### Material provided
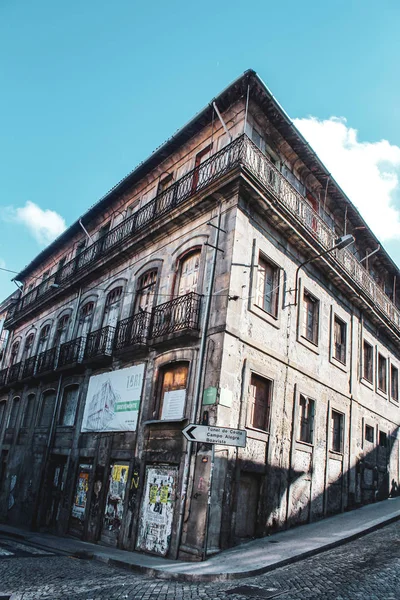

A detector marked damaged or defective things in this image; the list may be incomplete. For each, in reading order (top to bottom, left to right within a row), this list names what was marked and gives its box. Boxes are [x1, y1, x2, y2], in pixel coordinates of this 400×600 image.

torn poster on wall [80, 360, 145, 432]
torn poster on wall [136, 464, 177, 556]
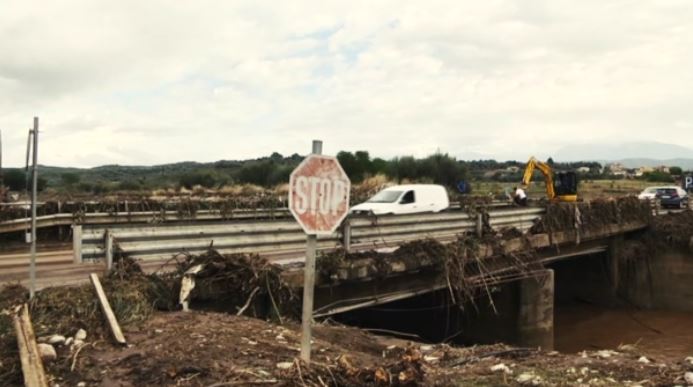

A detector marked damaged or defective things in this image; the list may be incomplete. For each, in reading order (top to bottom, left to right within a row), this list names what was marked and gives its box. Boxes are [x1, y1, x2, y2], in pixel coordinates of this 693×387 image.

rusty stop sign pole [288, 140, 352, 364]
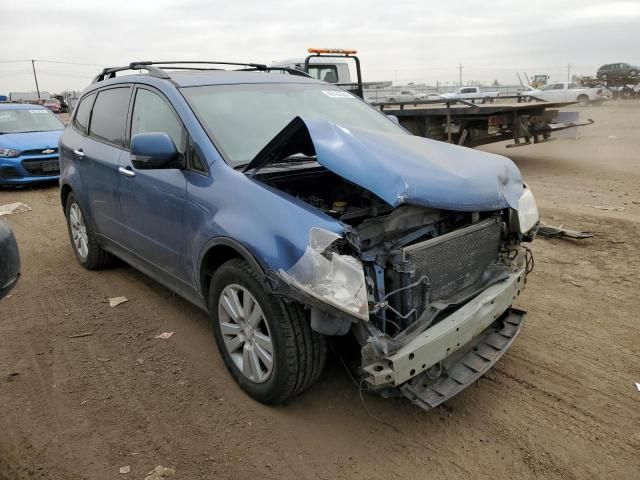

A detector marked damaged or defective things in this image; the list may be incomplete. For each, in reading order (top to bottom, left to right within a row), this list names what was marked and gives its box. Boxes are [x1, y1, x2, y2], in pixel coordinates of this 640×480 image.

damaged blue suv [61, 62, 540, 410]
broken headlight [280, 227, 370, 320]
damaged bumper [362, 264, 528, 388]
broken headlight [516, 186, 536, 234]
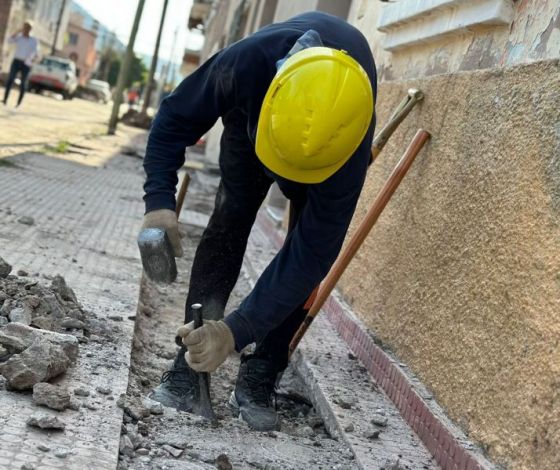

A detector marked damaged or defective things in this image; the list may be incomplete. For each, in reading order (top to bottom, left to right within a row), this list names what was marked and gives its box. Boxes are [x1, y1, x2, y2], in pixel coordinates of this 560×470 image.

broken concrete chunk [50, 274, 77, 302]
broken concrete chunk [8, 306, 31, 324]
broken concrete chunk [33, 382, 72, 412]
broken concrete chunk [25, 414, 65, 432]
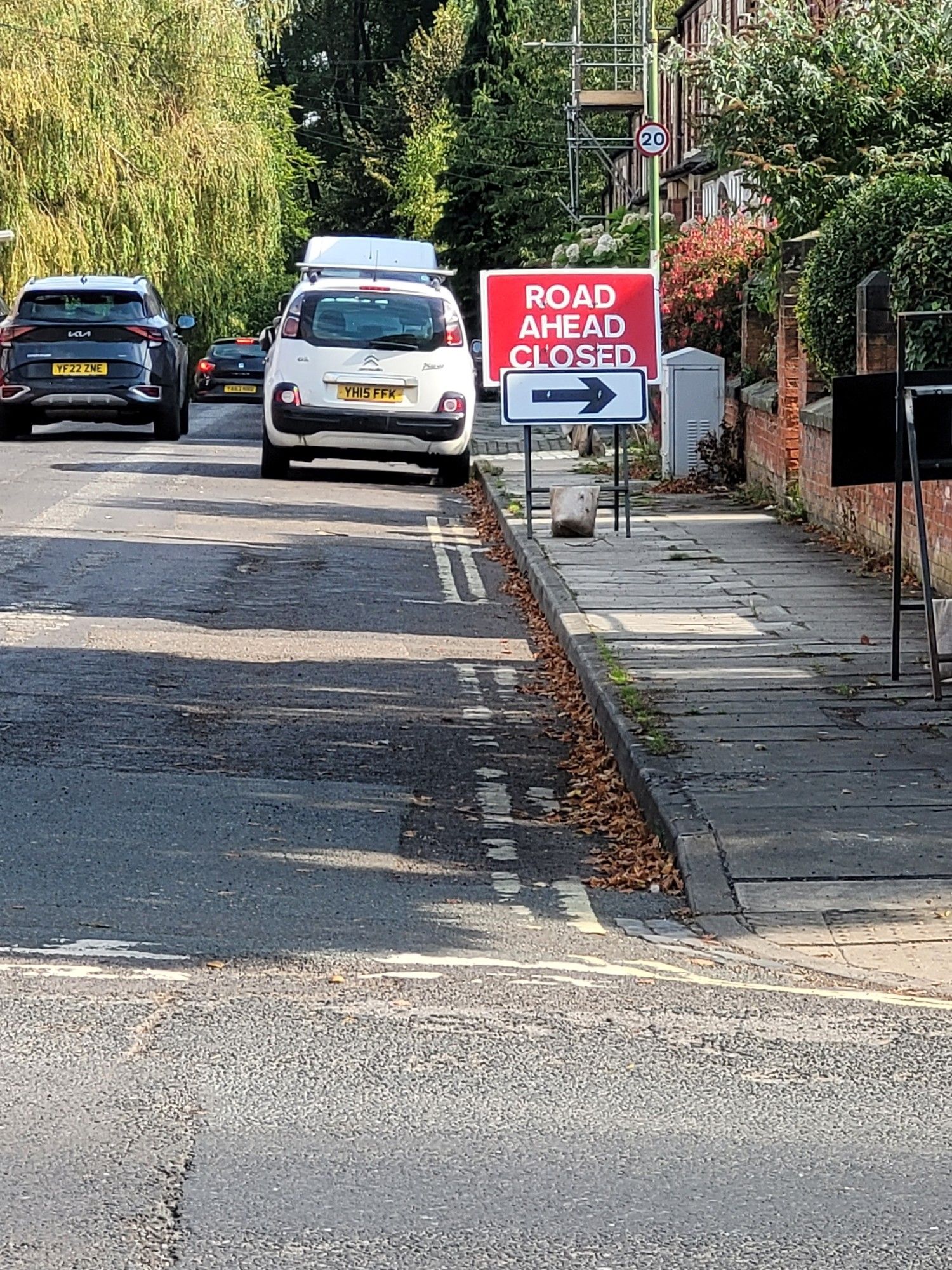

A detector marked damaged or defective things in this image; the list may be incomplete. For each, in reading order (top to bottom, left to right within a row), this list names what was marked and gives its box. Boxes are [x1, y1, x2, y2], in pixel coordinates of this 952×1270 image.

### How to complete this task
Omit the pictures and return exactly the lines from the line containing "this 640×480 image." through the final line of the material above, both ends included.

### Response below
A detector marked damaged or defective things in this image; the list may be incomplete. For each, in reading order (top to bottom, left to right within a row), this list names what was marked and gives its box. Boxes are [x1, y1, x2, y2], in pixel coordinates of this 640×480 image.

damaged blue suv [61, 62, 540, 410]
broken headlight [280, 227, 370, 320]
damaged bumper [362, 264, 528, 388]
broken headlight [516, 186, 536, 234]

A detector marked damaged or defective things in this image; the list may be incomplete. For each, in reading order (top to bottom, left to right within a row), this list names what was marked and gives its box. Boxes are [x1, y1, x2, y2], in pixel coordinates of this 560×470 image.

broken concrete chunk [50, 274, 77, 302]
broken concrete chunk [8, 306, 31, 324]
broken concrete chunk [33, 382, 72, 412]
broken concrete chunk [25, 414, 65, 432]

A detector marked damaged or defective things in this image; the list may be incomplete. For each, in reading order (top to bottom, left to right within a row), this list names what was marked and gives its box. Boxes are [x1, y1, x2, y2], in pixel coordinates of this 952×1270 image.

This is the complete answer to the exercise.